Abigail Smith was born in 1744 at Weymouth, Massachusetts. On her mother's side, she descended from the Quincys, a family of great prestige in the colony; her father and other forebearers were Congregational ministers, leaders in a society that held its clergy in high esteem.
Like other women of the time, Abigail lacked formal education, but her curiosity spurred her keen intelligence, and she read avidly the books at hand. Reading created a bond between her and young John Adams, Harvard graduate launched on a career in law, and they were married in 1764. It was a marriage of the mind and of the heart, enduring for more than half a century.
The young couple lived on John's small farm at Braintree or in Boston as his practice expanded. In ten years, Abigail bore three sons and two daughters.
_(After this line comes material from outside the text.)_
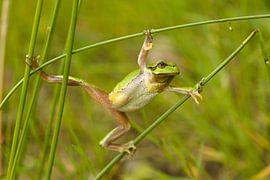 Tree frog by Ronald Kromkamp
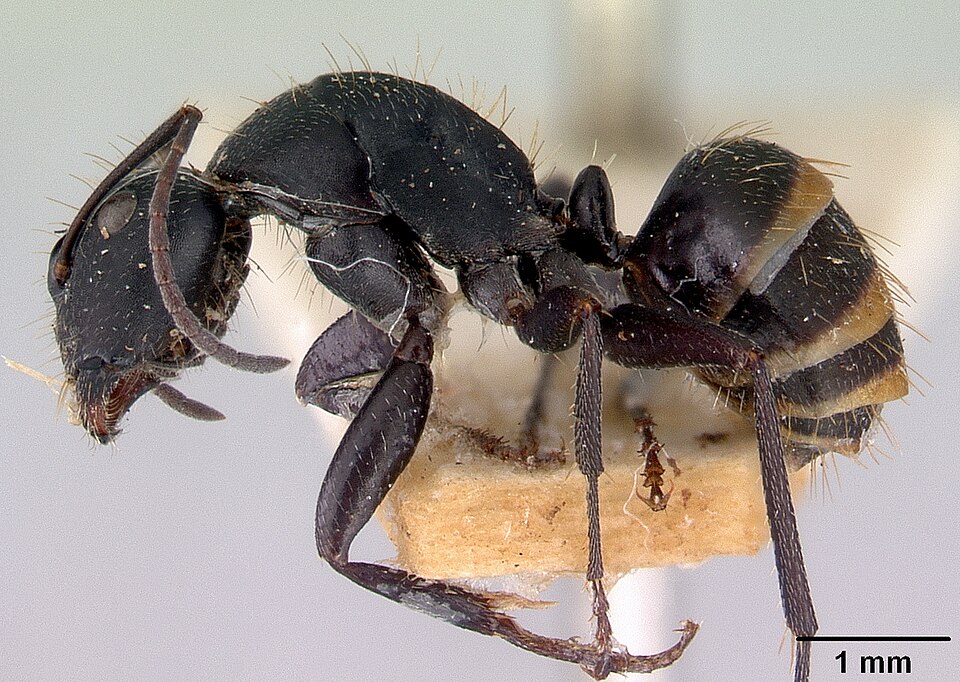 Photo of Black honeypot ant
She looked after family and home when John went traveling as circuit judge. "Alas!" she wrote in December 1773, "How many snow banks divide thee and me...."
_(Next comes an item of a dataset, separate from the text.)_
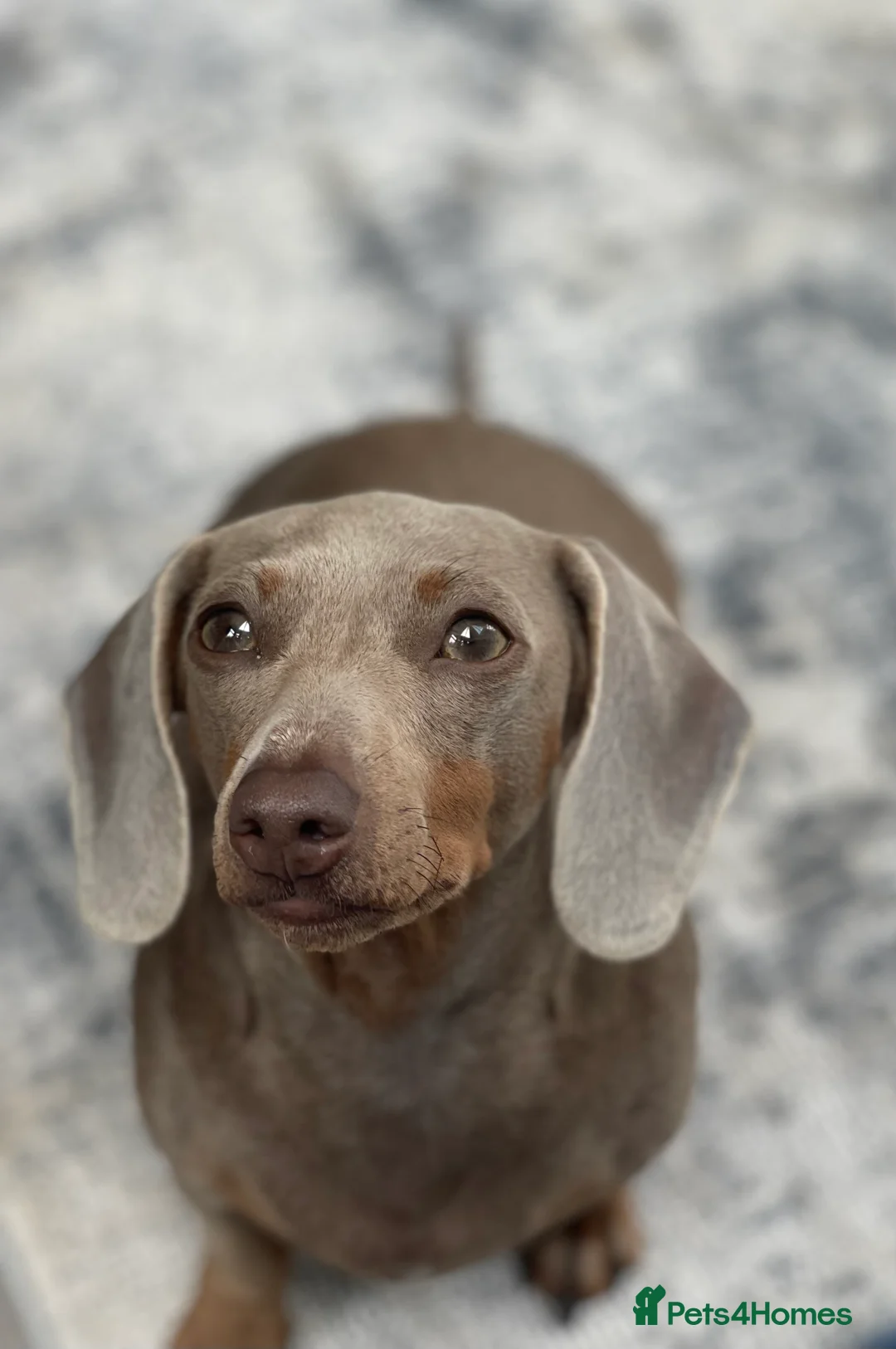 Miniature Dachshund dogs for sale: KC Miniature Female Isabella&Tan Dapple - Advert 2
Long separations kept Abigail from her husband while he served the country they loved, as delegate to the Continental Congress, envoy abroad, and elected officer under the Constitution. Her letters--pungent, witty, and vivid, spelled just as she spoke--detail her life in times of revolution. They tell the story of a woman who stayed at home to struggle with wartime shortages and inflation; to run the farm with a minimum of help; to teach four children when formal education was interrupted. Most of all, they tell of her loneliness without her "dearest Friend." The "one single expression," she said, "dwelt upon my mind and played about my Heart...."
In her letters, Abigail's patriotism, feminist concerns, and abolitionism stand out. She wrote eloquently against slavery, many years before the abolitionist movement, and on behalf of women. Evident in her letters is an astute political and strategic sense, and devoted patriotism. It was she who entreated her husband to "remember the ladies."
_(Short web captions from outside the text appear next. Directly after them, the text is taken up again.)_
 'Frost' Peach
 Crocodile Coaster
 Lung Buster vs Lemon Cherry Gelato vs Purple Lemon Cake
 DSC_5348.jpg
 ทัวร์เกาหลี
In 1784, Abigail joined John at his diplomatic post in Paris and observed with interest the manners of the French. After 1785, she filled the difficult role of wife of the first United States Minister to Great Britain, doing so with dignity and tact. The John and Abigail returned to Massachusetts in 1788, at which point they moved into the handsome house they had just acquired in Braintree, later called Quincy, which would serve as their home for the rest of their lives.
As wife of the first Vice President, Abigail became a good friend of Mrs. Washington and a valued help in official entertaining. She drew upon her experience in courts and society abroad. After 1791, however, poor health forced her to spend as much time as possible in Quincy. Illness or trouble found her resolute; as she once declared, she would "not forget the blessings which sweeten life."
When John Adams was elected President, Abigail continued a formal pattern of entertaining--even in the primitive conditions she found at the new capital in November 1800. The city was wilderness, the President's House far from completion. Her private complaints to her family provide blunt accounts of both, but for her three months in Washington, she did her part by holding dinners and receptions.
The Adamses retired to Quincy in 1801 and for 17 years enjoyed the companionship that public life had long denied them. Abigail died in 1818 and is buried beside her husband in United First Parish Church.